Ya, Indah benar. Sekali pengkhianat selamanya akan jadi pengkhianat. Buat apa aku mempertahankan seorang pengkhianat? 

Kuseka air mata, lalu kucari tas kerja Mas Deni. 

"Nah ketemu," gumamku. 

Kutarik resletingnya,lalu mengeluarkan semua isinya dari dalam tas. Siapa tahu ada bukti perselingkuhan Mas Deni. 

Astaghfirullah...

Kutemukan sebuah nota pembelian tas branded dengan harga jutaan rupiah. Kulihat tanggal pembeliannya, ternyata tiga hari setelah insiden testpek. 

Tega kamu Mas! Kamu berikan dia barang mewah, sedang untuk aku, sendal putus saja tak kamu perdulikan. Keterlaluan!! 

Ku oto nota itu, siapa taju suatu saat dibutuhkan. 

Setelah selesai, kumasukkan lagi barang-barang tadi. Kemudian kukembalikan lagi di tempat semula, supaya Mas Deni tak curiga. 

****

Tepat pukul 20.00  suara mobil berhenti di depan rumah, kuintip dari balik jendela, Mas Deni pulang sendiri. Mungkin ibu menginap di rumah Rani. 

Bodo amatlah, bersyukurlah nenek lampir tak ada di rumah. 

"Assalamualaikum, " Mas Deni mengucapkan salam. 

"wa'alaikumsalam." Kubuka pintu depan, kucium punggung tangannya, ada rasa jijik saat kulakukan itu.
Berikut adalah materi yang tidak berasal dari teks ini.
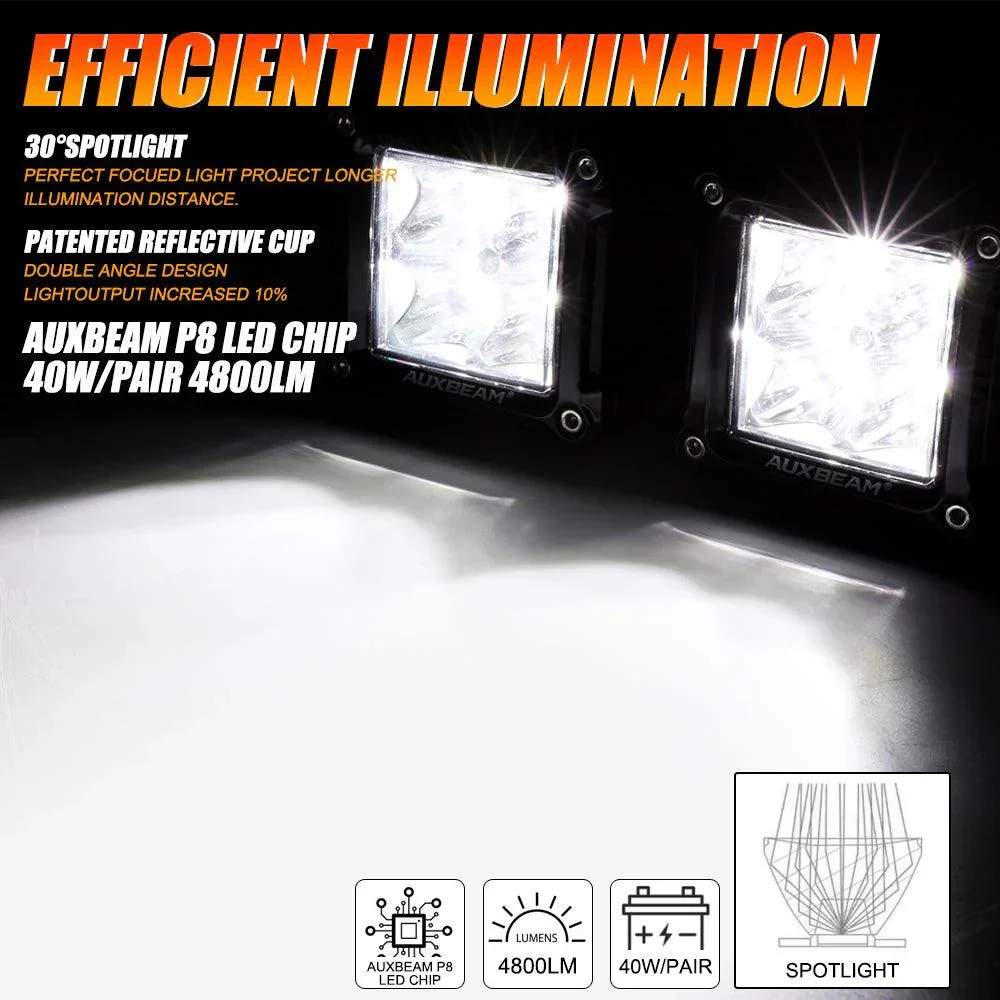 3" 40W LED Pods Light Spot/Flood Multicolor frame with wiring harness for JEEP - Image 4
Mas Deni melangkah mendekatiku, hendak mencium kening. Namun aku mundur satu langkah. 

"Lho dek kenapa kok menghindar?"

"Mas bau asem," kilahku. 

Tak sudi rasanya tubuh ini disentuh lelaki sepertimu mas. Menjijikkan.

****

Aku dan Mas Deni sudah duduk di atas ranjang. 

"Tumben ibu menginap di rumah Rani,Mas?" tanyaku memulai pembicaraan. 

"Em, gak tau juga,dek.Mungkin ibu kangen kalik sama Rani, makannya menginap di sana," jawabnya sambil terus memainkan ponsel. 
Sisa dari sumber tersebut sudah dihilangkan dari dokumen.